Für Berufsbeamte und Beschäftigte im öffentlichen Dienst, für Soldaten und Richter gelten die Anforderungen an die Verfassungstreue als leicht einsehbare und selbstverständliche Pflichten. Gleichmäßig und vorhersehbar wendet auch die Rechtsprechung die über Jahre entwickelten und bewährten Maßstäbe für die Treuepflicht an. So dürfen zum Beispiel ein Polizeikommissar nach einer Entscheidung des Bundesverwaltungsgerichts (BVerwG) keine Nazitätowierungen tragen (Urt. v. 17.11.2017, Az. 2 C 25/17) oder Polizeivollzugsbeamte nicht die Reichsbürgerideologie nachahmen (Oberverwaltungsgericht Sachsen-Anhalt, Urt. v. 15.03.2018, Az.10 L 9/17). Das Bundesverfassungsgericht (BVerfG) bestätigte die Amtsenthebung eines ehrenamtlichen Richters beim Arbeitsgericht, der über Jahre als Mitglied einer Neonazi-Rockband auftrat (Beschl. v. 06.05.2008, Az. 2 BvR 337/08)."
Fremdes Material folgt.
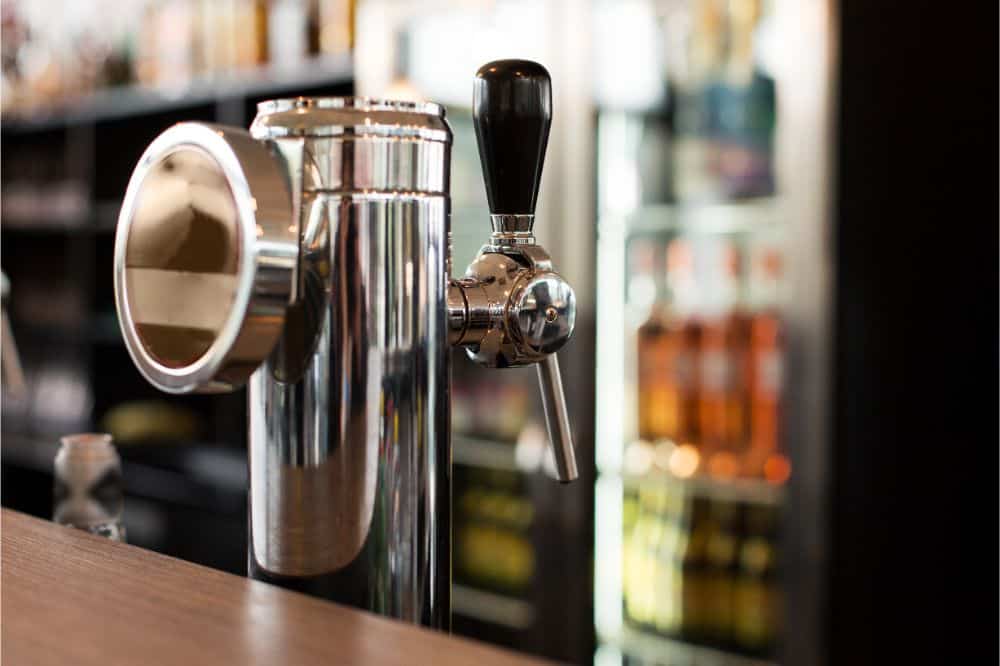 Close up of a male bartender dispensing draft beer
https://www.n-tv.de/politik/Polizei-zieht-neun-Beamte-von-Klima-Demo-ab-article21425555.html
Zitat: "In Brandenburg sind für das Wochenende mehrere Mahnwachen und Versammlungen von Klimaaktivisten geplant. Neun Polizisten posieren vor dem Graffiti einer Gegenbewegung "Stoppt Ende Gelände" für ein Foto, das anschließend im Netz landet.
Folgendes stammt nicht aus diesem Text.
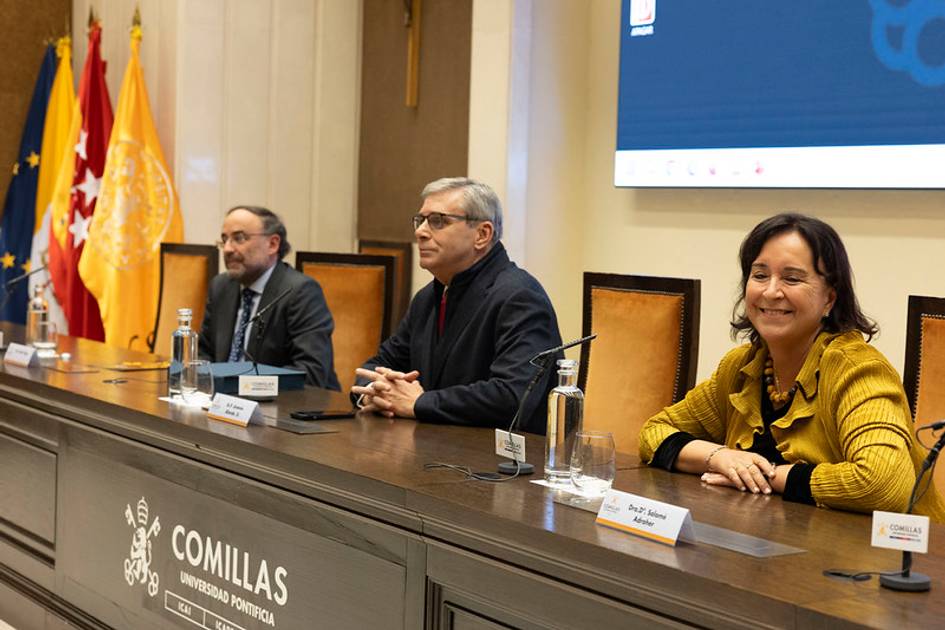 Un evento académico en la Universidad Pontificia Comillas con tres ponentes en el estrado.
Neun Polizisten aus Brandenburg haben vor einem Graffiti mit dem Slogan "Stoppt Ende Gelände" posiert - dafür sind sie nun von dem geplanten Großeinsatz rund um die Klimaproteste am Wochenende in der Lausitz ausgeschlossen worden. Das teilte die Polizei Brandenburg via Twitter mit. Es handele sich um eine Gruppe der Bereitschaftspolizei Cottbus. Das Foto der Polizisten kursierte in den sozialen Netzwerken.
Empfohlener Inhalt
Die Polizei twitterte weiter: "Das Foto geht natürlich nicht und wird ausgewertet werden. Wir sind zum Neutralitätsgebot verpflichtet und werden den Schutz der grundgesetzlich verankerte(n) Versammlungsfreiheit zum Großeinsatz in der Lausitz selbstverständlich gewährleisten." Man prüfe disziplinare Maßnahmen. Vor Ort seien außerdem sechs Tatverdächtige gestellt worden, die im Verdacht stehen, das Graffiti aufgesprüht zu haben."
("Ende Gelände" ist eine Öko-Aktivisten-Gruppe, die sich für eine Beendigung des Kohleabbaus einsetzt)
Rechtslexikon/Neutralitätspflicht
Zitat: "Neutralitätspflicht: Pflicht der Staatsorgane zur parteipolitischen Neutralität. Nach dem Demokratieprinzip (Art. 20 Abs. 2 S.1 GG) geht alle Staatsgewalt vom Volke aus. Dementsprechend findet die politische Willensbildung vom Volk zu den Staatsorganen statt („von unten nach oben”). Daraus folgt für die Staatsorgane, zu denen auch die Regierung und die ihr angehörenden Minister gehören, die Pflicht zur parteipolitischen Neutralität. Aus diesem Grunde ist es jedem Staatsorgan (gem. Art. 28 Abs. 1 GG auch der Länder) verwehrt, im Vorfeld von Wahlen in seiner amtlichen Funktion offen oder verdeckt für eine bestimmte Partei einzutreten."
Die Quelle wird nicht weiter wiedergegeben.